Here, the interference amount calculation unit 124 uses the effective radiation power EIRP _IMT obtained by correcting the sum of the effective radiation power in the cell of the base station BS _n in the direction of the satellite ST based on the band competition rate. The amount of interference i _n is calculated. The band competition rate is the ratio of the overlapping frequency band in which the satellite frequency band and the base station frequency band used by the base station BS overlap to the satellite frequency band used by the satellite ST. For example, when the satellite frequency band is from 28,000 MHz to 28,500 MHz and the base station frequency band is from 27,750 MHz to 28,250 MHz, the band competition rate is 0.5. When the base station frequency band is 28,100 MHz to 28,500 MHz with respect to the satellite frequency band, the band competition rate is 1.

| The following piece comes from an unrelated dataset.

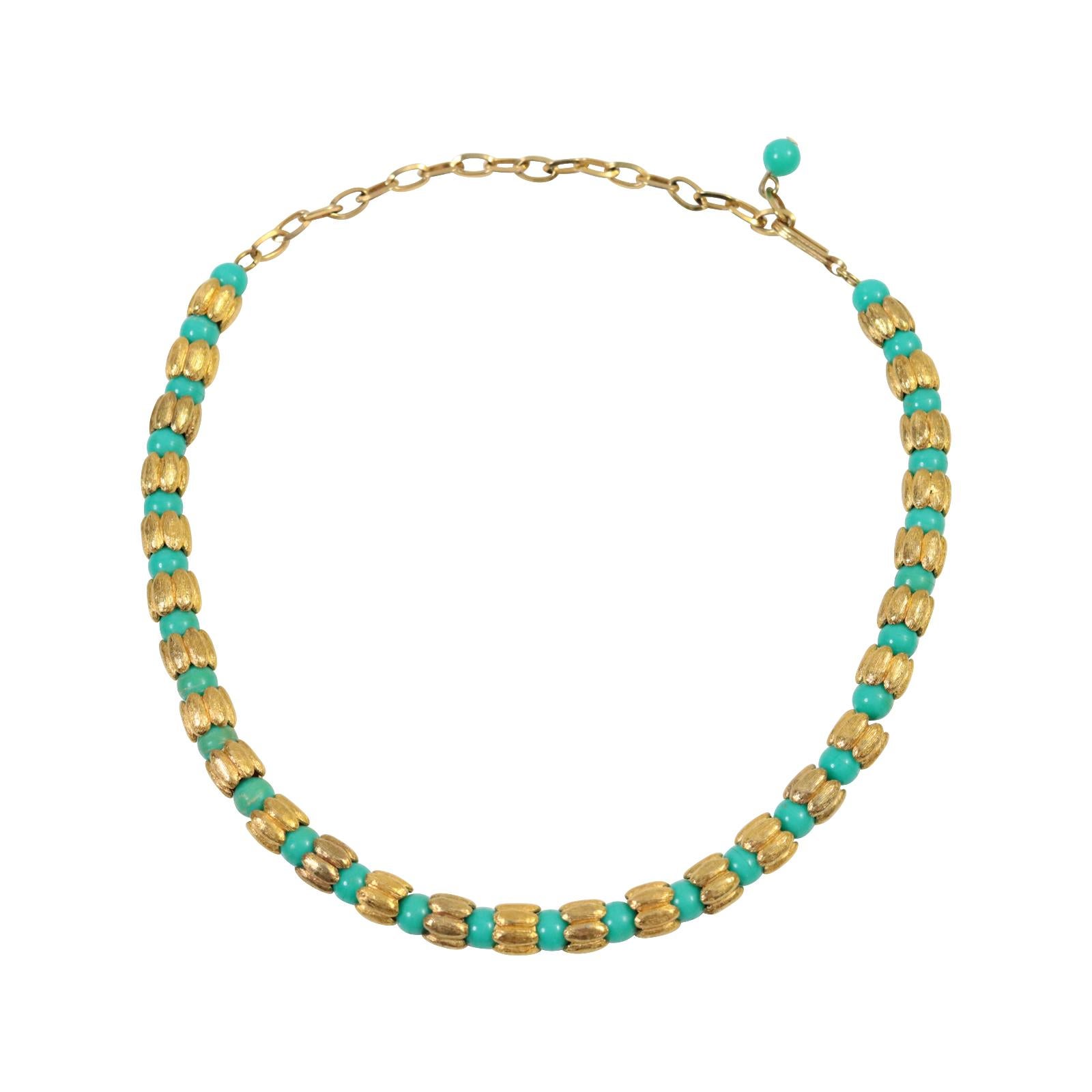 Vintage Faux Turquoise Gold Tone Beaded Choker Gold Tone Beaded Circa 1980s.  This is a tiny and elegant choker.  Not flashy but says its piece.  Something akin to THE ROW.  It's quiet, but it looks great.  It is small, but the gold beads in between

Interference amount calculation unit 124, as the sum of an interference amount i _n from the cells of all the base stations BS in the satellite footprint Pa satellite STa, according to the following equation to calculate the amount of interference I to give the satellite STa.
I = i i _n (n = 1, ..., n _m )
= 10 log (Σ 10 ^{in / 10} ) (n = 1, ..., n _m ) (dBm)
The interference amount calculation unit 124 stores the calculated interference amount I in the storage unit 11.

  The control unit 125 controls conditions for transmitting radio waves from the base station BS to the plurality of mobile terminals MS based on the relationship between the carrier wave level C and the interference amount I. Specifically, the control unit 125 controls the power of radio waves transmitted from the base station BS to the plurality of mobile terminals MS based on the relationship between the carrier level C and the interference amount I, or from the base station BS Control the direction (tilt angle) of transmitting radio waves.

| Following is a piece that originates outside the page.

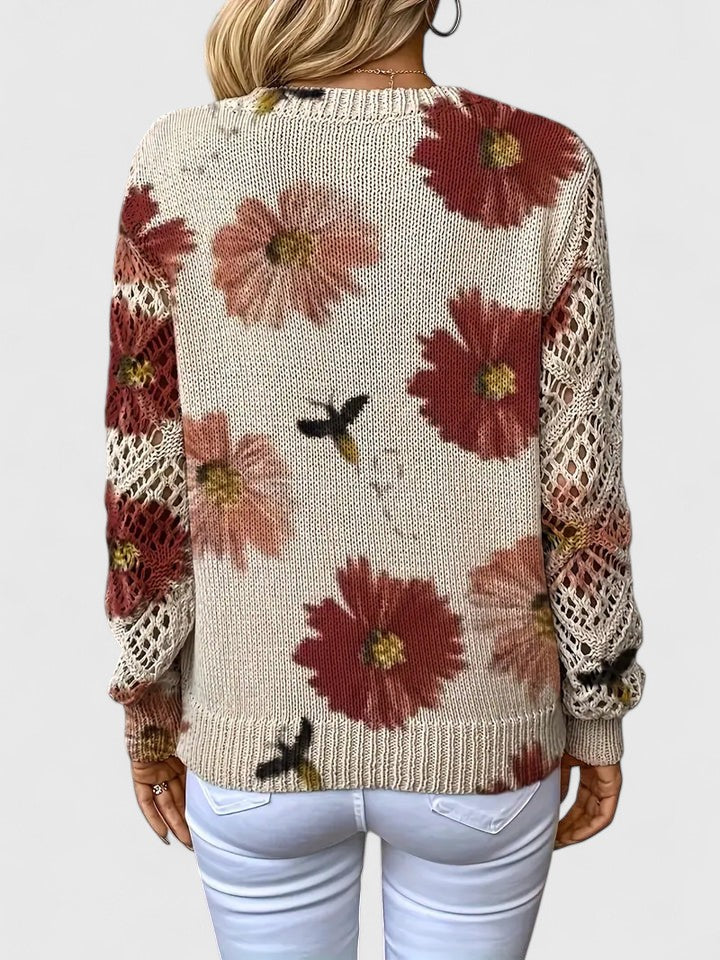 Back view floral knit V-neck cardigan with long sleeves, off-white with red and pink flowers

  When the sum of the interference amount I and the estimated amount of the system noise N in the satellite ST is equal to or larger than a predetermined threshold with respect to the carrier level C, the control unit 125 transmits from the base station BS to the plurality of mobile terminals MS. Change the conditions for transmitting radio waves. The control unit 125 calculates the evaluation value E = C / (N + I), and when the evaluation value E is equal to or larger than the threshold, does not change the conditions for transmitting radio waves, and the evaluation value E is smaller than the threshold. It instructs the base station BS to decrease the transmission power of radio waves, or instructs it to change the tilt angle downward. By doing so, it becomes difficult for the radio waves transmitted by the base station BS to reach the satellite ST, so that the amount of interference caused by the radio waves transmitted by the base station BS can be reduced.

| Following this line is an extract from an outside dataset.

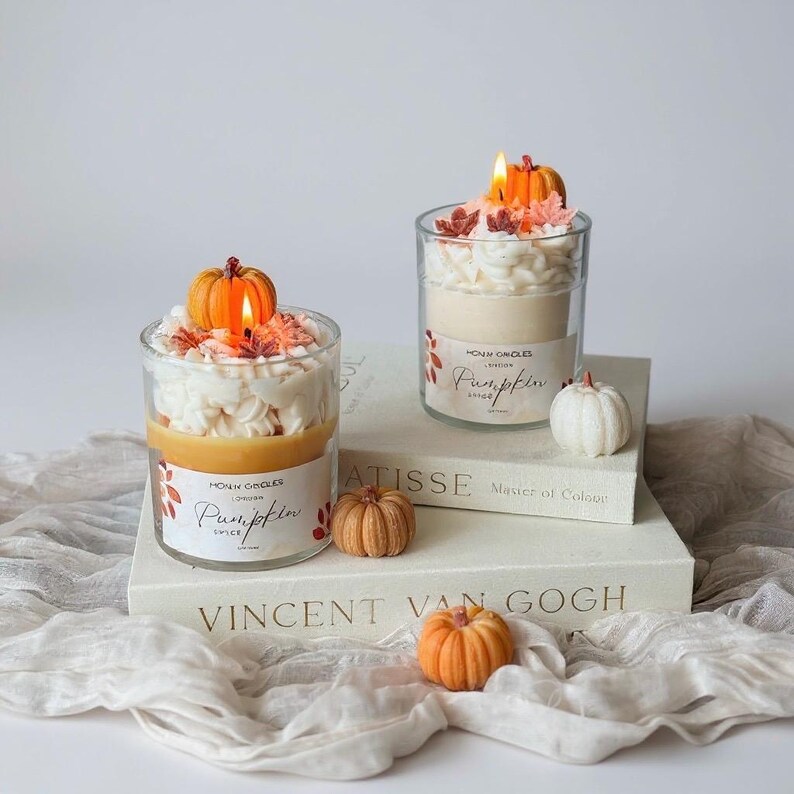 Puede incluir: Dos velas en tarro de cristal con aroma a especias de calabaza, cubiertas con cera blanca y una calabaza peque&ntilde;a. Las velas est&aacute;n sobre una pila de libros con las palabras "MATISSE" y "VINCENT VAN GOGH" visibles. Tambi&eacute;n hay calabazas decorativas adicionales.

Here, the system noise N of the satellite ST is expressed by the following equation. Where K is Boltzmann's constant, T _sys (K) is the system noise temperature of the satellite ST, and B is the satellite bandwidth.
N = kT _sys B = 10 log (kT _sys B) (dBm)
Also, the sum N + I of the noise and the amount of interference is expressed by the following equation.
N + I = 10 log (10 ^{N / 10} + 10 ^{I / 10} ) = ¹⁰ log (kT _sys B + 10 ^{I / 10} ) (dBm)
Therefore, the evaluation value E = C / (N + I) is obtained by the following equation.
E = C / (N + I) = C-(N + I) (dB)

Control unit 125, based on the amount of interference i _n that interference amount calculation unit 124 to calculate the condition that transmits signals to a plurality of mobile terminals MS from at least one of the base stations BS of the plurality of base stations BS _n Control. The control unit 125 selects, for example, a base station BS whose interference amount in is _equal to or greater than a predetermined threshold value, and changes conditions for transmitting radio waves from the selected base station BS to a plurality of mobile terminals MS. Instruct the base station BS that has Control unit 125, among the plurality of base stations BS of the satellite footprint in P satellite ST, instruct to change the conditions for sending a radio wave with respect to interference quantity i _n is greater predetermined number of base stations BS It is also good. Further, the control unit 125 may instruct to change the conditions for transmitting radio waves in order from the base station BS with the largest amount of interference i _n until the evaluation value E becomes equal to or more than a predetermined threshold.

When the base station BS reduces the transmission power of radio waves, the cell of the base station BS is shrunk. As a result, since the distance from the base station BS to the cell edge is reduced, the transmission power of the mobile terminal MS located at the cell edge is reduced. By thus transmitting power of the mobile terminal MS is also reduced, resulting effect that the interference level i _n from the cell decreases. Further, the control unit 125 may cause the base station BS to control the transmission power of the mobile terminal MS whose transmission power is larger than a predetermined value among the mobile terminals MS connected to the base station BS. .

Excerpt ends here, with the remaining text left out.